Q4. The delay issue is improved to decrease number of connections to OTK DB.
       What is a reason of that?
 
Q5. What is a log for Connected/Disconnected/Exhausted/Waiting related to the connection pool?
       How to get that log?
There has been progress in an additional investigation, so please allow me to add a new inquiry.
 
[Investigation]
When checking the connection status for the JDBC⇔OTK DataBase connection using the netstat command, the connection port was swapped at regular intervals.
In Policy Manager, the number of connections for JDBC⇔OTK DataBase was set to 100, and those 100 connections were divided in 5 groups.
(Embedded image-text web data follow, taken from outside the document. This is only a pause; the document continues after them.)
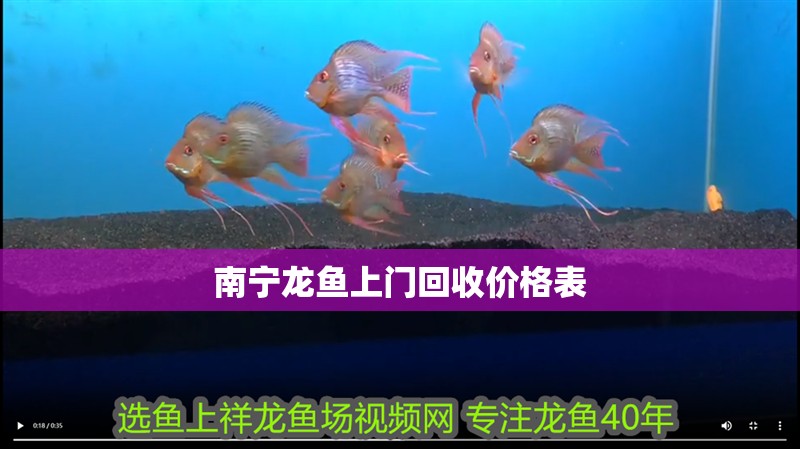 南寧龍魚上門回收價格表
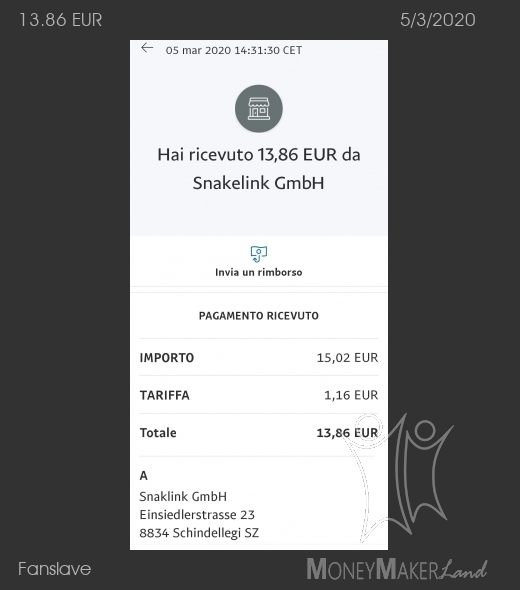 Payment 31 for Fanslave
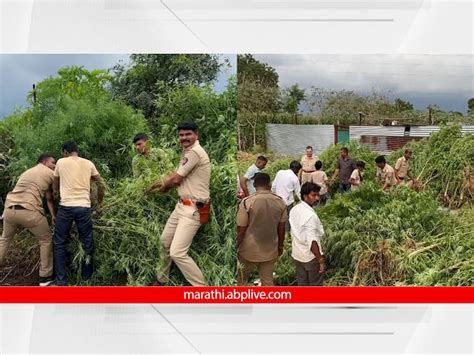 Jalna 23 Quintals Ganja Cannabis Worth 2 Crore 30 Lakh Seized In Tur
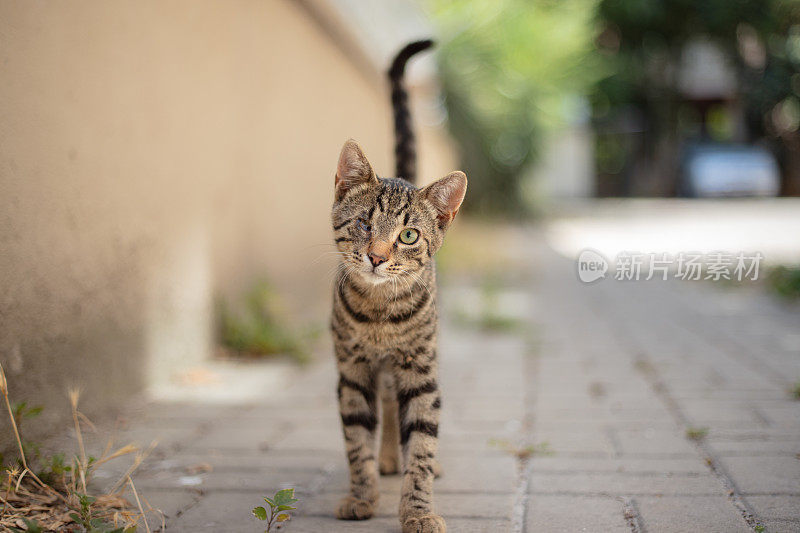 眼睛受伤的虎斑流浪猫。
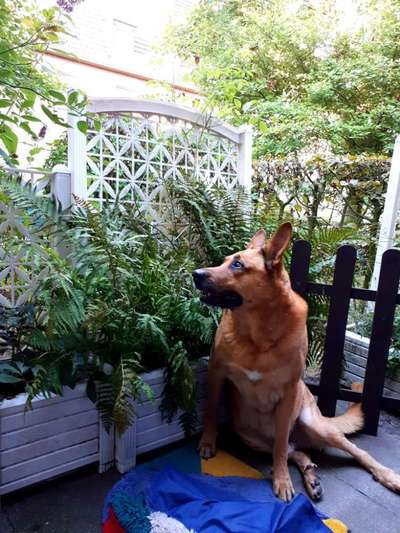 Unsere Fellnasen im Regenbogenland-Beitrag-Bild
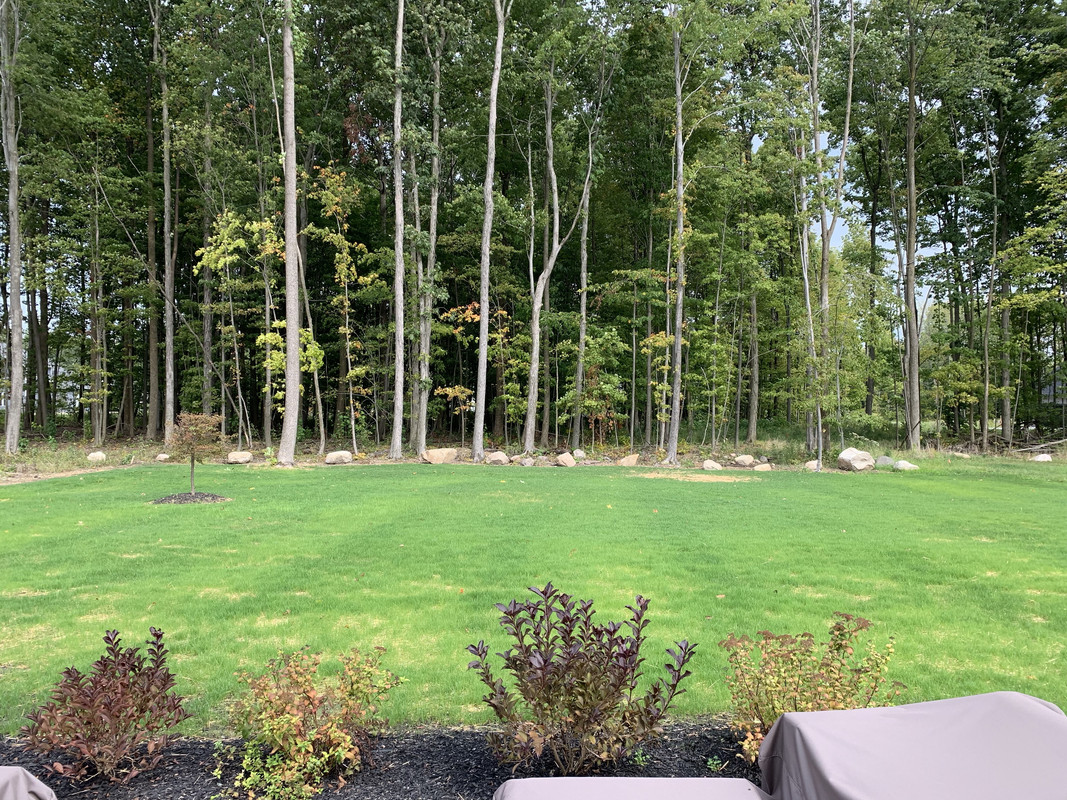 x6k15BBkSQG4PIEMjqoEiw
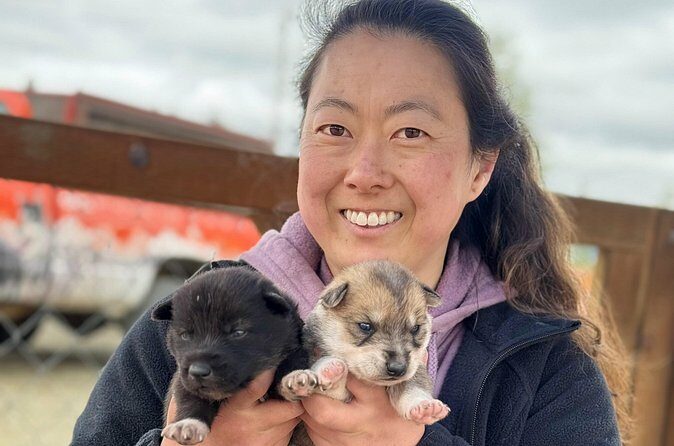 Anchorage's Authentic Dog Sledding Experience - Who Will Love This Tour?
Connections in each groups were refreshed at 150-secound interval, and a refresh interval between groups was 30 seconds.
 
Time Number of connections refreshed
11:09:17    08 connections (Connection group A refreshed)
11:09:47    10 connections (Connection group B refreshed)
11:10:17    20 connections (Connection group C refreshed)
11:10:47    13 connections (Connection group D refreshed)
11:11:17    49 connections (Connection group E refreshed) (←Repeat from here on.)
 
11:11:47    08 connections
11:12:17    10 connections
11:12:47    20 connections
11:13:17    13 connections
11:13:47    49 connections
 
[Hypothesis]
The refresh cycle (disconnection of old connection/establishment of new connection) of the JDBC connection pool was set to 150 seconds, and new requests from the application were waiting to obtain a connection during the refresh process.
By reducing the number of connections, the load on the connection refresh process was reduced and the wait time for obtaining a connection was reduced.
 
[Question]
Currently, we are checking various settings to see which settings (Java, DB, Internet) are effective and which connections are being refreshed.
Q6. Please tell me the setting value for the refresh cycle of the JDBC connection pool.
Based on my hypothesis, I think it is set to 150 seconds, but what is the setting value?
 
Q7. Please tell me whether the setting value for the refresh cycle of the JDBC connection pool can be changed.
Is it possible to change the cycle using Policy Manager or other means? If the setting value can be changed, could you please tell me the procedure?
 
Q8. Is it possible to set it to avoid simultaneous connection refreshes and distribute the load over time?
Example) Refresh in 10 groups with a 150-second cycle at 15-second intervals.
 
Regards,
MARUBUN